Naan Avalai Sandhitha Pothu is a 2019 Indian Tamil-language drama film written and directed by L. G. Ravichandar. The film features Santhosh Prathap and Chandini Tamilarasan in the leading roles. The film began production in early 2016 and was released on 27 December 2019.

== Production ==
The film is set in 1995–96 and is a fictionalised account of a real incident, and was shot in places like Tenkasi, Courtallam, and Papanasam.

== Soundtrack ==
Soundtrack was composed by Hitesh Murugavel.

Track listing
| No. | Title | Lyrics | Singer(s) | Length |
|---|---|---|---|---|
| 1. | "Raavaa Naanum" | L G Ravichandar | Tippu |  |
| 2. | "Allikollava" | L G Ravichandar | Pawan, Saritha |  |
| 3. | "Poo Meedhu" | Na.
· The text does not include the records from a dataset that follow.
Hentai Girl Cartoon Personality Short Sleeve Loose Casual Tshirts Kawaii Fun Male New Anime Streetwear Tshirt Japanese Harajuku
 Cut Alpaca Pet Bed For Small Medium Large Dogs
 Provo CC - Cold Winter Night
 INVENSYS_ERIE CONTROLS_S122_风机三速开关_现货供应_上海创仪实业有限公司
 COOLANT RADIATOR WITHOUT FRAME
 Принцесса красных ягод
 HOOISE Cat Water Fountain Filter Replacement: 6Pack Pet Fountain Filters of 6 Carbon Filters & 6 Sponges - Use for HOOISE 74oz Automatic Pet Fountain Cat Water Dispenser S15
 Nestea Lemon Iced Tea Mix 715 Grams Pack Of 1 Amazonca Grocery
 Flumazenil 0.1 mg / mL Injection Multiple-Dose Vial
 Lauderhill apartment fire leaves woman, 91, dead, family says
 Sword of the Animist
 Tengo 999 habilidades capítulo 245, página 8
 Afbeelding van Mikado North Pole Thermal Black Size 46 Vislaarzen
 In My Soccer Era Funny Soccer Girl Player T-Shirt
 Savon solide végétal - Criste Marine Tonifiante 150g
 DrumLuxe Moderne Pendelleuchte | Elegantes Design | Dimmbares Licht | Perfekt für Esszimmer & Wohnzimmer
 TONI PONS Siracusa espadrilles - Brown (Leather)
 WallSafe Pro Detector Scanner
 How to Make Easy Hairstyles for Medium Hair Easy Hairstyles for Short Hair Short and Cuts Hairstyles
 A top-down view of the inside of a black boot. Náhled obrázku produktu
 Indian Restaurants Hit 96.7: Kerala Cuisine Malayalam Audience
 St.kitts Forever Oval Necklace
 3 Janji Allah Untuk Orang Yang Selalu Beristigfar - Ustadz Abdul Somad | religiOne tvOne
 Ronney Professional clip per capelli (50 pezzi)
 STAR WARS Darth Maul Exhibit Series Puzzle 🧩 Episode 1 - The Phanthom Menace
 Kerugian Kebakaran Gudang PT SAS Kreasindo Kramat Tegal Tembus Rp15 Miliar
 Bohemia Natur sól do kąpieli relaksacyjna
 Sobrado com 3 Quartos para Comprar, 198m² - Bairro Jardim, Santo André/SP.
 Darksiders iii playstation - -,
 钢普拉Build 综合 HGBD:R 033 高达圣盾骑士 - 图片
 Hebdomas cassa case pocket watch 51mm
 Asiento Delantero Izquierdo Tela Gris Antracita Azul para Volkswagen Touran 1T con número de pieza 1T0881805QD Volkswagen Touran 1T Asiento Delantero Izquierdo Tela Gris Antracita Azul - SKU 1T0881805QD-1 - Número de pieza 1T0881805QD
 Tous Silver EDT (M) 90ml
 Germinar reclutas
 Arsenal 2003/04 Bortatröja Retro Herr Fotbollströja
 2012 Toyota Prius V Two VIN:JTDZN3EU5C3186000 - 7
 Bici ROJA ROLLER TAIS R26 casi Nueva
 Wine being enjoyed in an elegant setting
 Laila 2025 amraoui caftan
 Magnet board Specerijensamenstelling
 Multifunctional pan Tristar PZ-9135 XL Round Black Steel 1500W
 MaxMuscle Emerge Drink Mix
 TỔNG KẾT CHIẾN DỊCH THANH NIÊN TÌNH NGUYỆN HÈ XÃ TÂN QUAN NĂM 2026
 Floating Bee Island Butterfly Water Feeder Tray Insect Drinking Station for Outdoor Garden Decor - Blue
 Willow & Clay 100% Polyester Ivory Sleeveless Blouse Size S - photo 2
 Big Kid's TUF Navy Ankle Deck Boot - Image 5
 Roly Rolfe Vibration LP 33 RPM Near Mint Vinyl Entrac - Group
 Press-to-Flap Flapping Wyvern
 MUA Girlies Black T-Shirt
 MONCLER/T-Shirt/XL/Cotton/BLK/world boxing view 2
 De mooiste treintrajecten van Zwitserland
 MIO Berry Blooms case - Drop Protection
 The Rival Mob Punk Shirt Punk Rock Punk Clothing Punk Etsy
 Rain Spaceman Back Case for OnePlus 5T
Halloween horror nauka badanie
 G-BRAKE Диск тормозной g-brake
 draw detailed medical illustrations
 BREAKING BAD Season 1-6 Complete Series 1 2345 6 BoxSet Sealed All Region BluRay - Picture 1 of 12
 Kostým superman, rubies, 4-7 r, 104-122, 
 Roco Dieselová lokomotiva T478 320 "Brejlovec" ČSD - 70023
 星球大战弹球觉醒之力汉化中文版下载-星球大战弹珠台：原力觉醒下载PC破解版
Muthukumar | Vijay Yesudas |  |
| 4. | "Kannadi Kanavugale" | Arivumathi | Vijay Yesudas |  |

== Reception ==
Thinkal Menon of The Times of India wrote, "The story has necessary elements for a 90s family drama, but the fact that we are currently two decades ahead makes it difficult for one to connect with the happenings in it. [..] The lack of detailing and inclusion of some outdated scenes are the major reasons why the film fails to impress". Dinamalar gave the film a rating of two out of five. Anupama Subramanian of Deccan Chronicle wrote that "The only bright spot in the film is the portions involving ace Malayalam actor Innocent". Maalai Malar called the film "emotional". Aaditya Anand M of News Today wrote, "Despite a slow first half, the film takes off only in the second half". He added, "Making a movie about one's own life is not easy and Ravichander, especially for that touching climax, deserves special applause for making this film".